Dubois had lived in Mali since 2015 and was freelancing for French daily Liberation when he was seized on April 8, 2021.

Details of the two men's release remain unclear, although Woodke on Monday thanked the "Nigerien, American and French governments", telling journalists: "Vive la France."

Niger Interior Minister Hamadou Souley, who was at Niamey airport, said: "The hostages were picked up safe and sound by the Nigerien authorities before being handed over to the French and American authorities."

The head of watchdog Reporters Without Borders (RSF), Christophe Deloire, said Tuesday he did not know why Dubois had been freed "or why now".

Dubois is believed to have been the last French citizen held hostage by a non-state actor following the release in Mali of aid worker Sophie Petronin in 2020.

French authorities have long denied paying ransoms for kidnapped citizens. 

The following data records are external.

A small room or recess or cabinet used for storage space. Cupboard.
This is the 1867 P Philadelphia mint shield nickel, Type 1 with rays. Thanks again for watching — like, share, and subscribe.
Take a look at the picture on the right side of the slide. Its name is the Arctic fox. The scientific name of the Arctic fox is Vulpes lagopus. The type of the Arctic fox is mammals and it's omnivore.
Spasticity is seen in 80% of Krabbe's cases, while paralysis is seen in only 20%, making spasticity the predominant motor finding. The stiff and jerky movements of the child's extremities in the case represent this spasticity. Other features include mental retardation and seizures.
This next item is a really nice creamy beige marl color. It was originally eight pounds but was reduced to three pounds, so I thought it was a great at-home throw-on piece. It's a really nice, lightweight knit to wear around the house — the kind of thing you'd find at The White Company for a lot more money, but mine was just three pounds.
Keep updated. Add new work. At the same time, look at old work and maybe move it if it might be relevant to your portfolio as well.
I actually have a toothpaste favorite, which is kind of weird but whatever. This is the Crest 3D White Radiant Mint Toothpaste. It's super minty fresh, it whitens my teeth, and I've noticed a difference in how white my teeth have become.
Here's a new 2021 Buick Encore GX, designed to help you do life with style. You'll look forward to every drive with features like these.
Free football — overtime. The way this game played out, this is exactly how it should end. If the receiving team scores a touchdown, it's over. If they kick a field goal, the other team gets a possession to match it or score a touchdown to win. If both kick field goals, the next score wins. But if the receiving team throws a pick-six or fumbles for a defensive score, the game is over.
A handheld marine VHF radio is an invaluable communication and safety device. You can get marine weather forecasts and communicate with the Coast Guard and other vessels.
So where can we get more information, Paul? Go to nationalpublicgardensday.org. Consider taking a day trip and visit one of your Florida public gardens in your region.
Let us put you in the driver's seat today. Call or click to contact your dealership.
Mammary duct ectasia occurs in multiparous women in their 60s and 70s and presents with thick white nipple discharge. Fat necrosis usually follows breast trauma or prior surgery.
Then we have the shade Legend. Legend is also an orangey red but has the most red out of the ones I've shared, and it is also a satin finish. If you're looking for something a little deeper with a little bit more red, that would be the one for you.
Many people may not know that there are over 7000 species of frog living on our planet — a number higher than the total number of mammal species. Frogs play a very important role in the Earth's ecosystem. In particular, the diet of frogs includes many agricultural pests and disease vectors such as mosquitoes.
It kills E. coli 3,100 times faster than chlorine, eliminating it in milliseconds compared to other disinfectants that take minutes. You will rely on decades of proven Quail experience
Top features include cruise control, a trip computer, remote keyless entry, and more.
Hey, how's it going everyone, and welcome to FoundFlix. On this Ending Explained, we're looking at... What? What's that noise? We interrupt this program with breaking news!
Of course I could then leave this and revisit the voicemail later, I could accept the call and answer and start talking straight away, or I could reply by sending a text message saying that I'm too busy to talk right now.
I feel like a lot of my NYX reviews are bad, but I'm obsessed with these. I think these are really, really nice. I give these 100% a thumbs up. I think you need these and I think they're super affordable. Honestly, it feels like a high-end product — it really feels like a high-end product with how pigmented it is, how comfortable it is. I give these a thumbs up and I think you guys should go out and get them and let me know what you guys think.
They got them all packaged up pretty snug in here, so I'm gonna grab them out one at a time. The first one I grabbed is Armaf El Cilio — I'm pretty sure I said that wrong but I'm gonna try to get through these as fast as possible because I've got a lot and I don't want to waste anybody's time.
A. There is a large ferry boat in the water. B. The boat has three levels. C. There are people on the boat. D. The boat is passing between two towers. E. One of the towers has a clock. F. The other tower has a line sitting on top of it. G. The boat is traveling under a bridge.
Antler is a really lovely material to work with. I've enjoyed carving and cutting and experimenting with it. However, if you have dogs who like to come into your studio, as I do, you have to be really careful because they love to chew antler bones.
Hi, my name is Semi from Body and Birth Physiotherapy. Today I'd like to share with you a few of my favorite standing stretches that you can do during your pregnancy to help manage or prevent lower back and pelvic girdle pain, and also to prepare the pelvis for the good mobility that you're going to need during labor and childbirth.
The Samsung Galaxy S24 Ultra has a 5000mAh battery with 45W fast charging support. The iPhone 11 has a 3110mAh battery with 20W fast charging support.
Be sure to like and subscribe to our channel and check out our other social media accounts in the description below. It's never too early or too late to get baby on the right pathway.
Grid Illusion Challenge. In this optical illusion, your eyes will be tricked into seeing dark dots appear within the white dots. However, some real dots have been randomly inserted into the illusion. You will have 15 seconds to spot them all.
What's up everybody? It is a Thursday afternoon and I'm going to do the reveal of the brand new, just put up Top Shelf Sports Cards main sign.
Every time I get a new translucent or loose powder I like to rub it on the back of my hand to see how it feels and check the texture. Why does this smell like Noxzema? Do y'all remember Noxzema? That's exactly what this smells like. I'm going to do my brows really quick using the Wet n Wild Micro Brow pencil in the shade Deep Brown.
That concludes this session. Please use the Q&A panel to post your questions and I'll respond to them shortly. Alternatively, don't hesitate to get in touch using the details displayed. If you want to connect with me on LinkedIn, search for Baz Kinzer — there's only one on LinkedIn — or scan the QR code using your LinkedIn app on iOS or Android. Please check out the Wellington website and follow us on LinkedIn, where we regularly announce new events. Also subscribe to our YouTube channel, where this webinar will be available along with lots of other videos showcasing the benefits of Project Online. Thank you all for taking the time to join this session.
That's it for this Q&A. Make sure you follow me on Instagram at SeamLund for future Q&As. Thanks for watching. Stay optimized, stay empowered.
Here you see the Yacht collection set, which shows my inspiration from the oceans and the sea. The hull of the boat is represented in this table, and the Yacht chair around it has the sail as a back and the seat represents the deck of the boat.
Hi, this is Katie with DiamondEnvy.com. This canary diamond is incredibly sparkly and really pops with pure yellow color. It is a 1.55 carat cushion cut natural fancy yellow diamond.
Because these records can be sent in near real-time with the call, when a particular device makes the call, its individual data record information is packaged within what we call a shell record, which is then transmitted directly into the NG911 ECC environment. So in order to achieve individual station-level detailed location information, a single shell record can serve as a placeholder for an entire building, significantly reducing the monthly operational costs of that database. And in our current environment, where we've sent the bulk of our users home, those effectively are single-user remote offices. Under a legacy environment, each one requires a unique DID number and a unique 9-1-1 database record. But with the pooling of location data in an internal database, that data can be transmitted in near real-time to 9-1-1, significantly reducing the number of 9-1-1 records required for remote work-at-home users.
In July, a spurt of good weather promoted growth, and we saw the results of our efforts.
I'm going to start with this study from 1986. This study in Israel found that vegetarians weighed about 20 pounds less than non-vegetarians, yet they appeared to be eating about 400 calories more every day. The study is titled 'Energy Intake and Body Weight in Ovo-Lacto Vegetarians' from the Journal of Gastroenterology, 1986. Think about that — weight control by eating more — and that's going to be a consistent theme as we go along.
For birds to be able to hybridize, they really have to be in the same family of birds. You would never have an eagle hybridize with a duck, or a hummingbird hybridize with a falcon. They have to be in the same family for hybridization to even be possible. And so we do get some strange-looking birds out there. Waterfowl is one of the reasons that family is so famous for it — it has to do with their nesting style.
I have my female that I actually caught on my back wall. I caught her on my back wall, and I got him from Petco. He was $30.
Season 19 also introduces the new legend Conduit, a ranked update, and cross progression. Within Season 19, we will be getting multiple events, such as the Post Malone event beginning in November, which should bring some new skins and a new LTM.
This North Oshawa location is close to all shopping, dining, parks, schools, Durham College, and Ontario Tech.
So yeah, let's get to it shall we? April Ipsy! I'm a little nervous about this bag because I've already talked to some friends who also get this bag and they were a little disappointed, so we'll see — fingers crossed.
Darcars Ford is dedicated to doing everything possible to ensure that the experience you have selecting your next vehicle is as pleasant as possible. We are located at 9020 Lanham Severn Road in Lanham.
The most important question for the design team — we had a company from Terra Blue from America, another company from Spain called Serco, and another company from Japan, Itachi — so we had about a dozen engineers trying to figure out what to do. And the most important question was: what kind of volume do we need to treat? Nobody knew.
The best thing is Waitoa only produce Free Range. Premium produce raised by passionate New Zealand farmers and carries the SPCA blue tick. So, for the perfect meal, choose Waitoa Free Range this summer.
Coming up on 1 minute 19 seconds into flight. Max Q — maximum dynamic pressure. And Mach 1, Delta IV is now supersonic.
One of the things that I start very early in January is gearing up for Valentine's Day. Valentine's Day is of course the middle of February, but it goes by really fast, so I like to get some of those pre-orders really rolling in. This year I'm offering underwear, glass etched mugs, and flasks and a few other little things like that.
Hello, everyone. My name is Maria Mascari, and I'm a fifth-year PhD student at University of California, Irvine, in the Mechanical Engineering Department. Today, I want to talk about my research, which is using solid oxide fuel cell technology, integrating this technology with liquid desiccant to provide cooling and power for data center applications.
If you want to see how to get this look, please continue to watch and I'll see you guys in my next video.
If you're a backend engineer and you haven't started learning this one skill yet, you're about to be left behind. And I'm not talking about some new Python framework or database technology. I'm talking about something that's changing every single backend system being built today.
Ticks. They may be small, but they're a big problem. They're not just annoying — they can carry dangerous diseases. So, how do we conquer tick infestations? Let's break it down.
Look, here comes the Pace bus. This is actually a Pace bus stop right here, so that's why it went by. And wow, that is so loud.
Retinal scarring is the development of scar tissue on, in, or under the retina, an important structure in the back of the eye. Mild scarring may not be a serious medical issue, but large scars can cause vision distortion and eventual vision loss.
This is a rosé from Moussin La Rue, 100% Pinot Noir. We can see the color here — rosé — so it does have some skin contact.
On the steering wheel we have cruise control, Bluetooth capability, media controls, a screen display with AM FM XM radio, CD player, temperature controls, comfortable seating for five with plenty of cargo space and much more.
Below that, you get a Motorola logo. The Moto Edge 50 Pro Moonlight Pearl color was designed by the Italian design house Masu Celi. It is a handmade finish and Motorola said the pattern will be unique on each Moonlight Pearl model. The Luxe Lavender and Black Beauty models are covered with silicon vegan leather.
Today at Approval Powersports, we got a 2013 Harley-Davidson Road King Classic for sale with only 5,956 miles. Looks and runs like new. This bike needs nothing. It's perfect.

However, former president Francois Hollande admitted in a book published in 2016 that money had been exchanged for several journalists kidnapped in Iraq and Afghanistan.

"Hostage-taking is 95 percent financially motivated.You have to pay," Alain Chouet, a former French intelligence officer, told AFP, adding that prices had soared in the past 25 years.

"There was a time when we could get by for a million dollars or euros.Now we are rather close to ten."

'Sensitive diplomatic conversations'

US State Department spokesman Vedant Patel did not want to be drawn on the "sensitive diplomatic conversations" involved in Woodke's release.

At Niamey airport on Monday, Woodke was at Dubois' side, leaning on a stick.

Woodke was seized at gunpoint from his home in Abalak in the Tahoua region of southwestern Niger.

The 61-year-old had served as a missionary and humanitarian aid worker in Niger for 32 years, according to a supporters' website.

He was said to speak the local language Tamasheq fluently, as well as Fula and Arabic.

US President Joe Biden welcomed the freeing of Woodke and thanked the government of Niger, calling it "a critical partner in helping to secure his release."

Other Western hostages

The Sahel has been ravaged by a jihadist campaign that began in northern Mali in 2012.

In 2015, the insurgency swept into neighbouring Burkina Faso and Niger.

The violence has killed thousands of people, displaced millions from their homes and increased risks for journalists and humanitarian workers. 

Two International Committee of the Red Cross employees kidnapped in Mali earlier this year were released on Sunday.

At least six other Western hostages are believed to still be held in the Sahel.

Romanian mineworker Iulian Ghergut and elderly Australian surgeon Arthur Kenneth Elliott were both abducted in Burkina Faso, in 2015 and 2016 respectively.

Armed men kidnapped an Italian couple and their child as well as a Togolese national in southeastern Mali in May 2022.Italian media blamed the abductions on jihadists.

German priest Hans-Joachim Lohre is believed to have been held hostage in Mali since late 2022.

Niger is an important Western ally in the troubled region, hosting a French military base and a US drone base.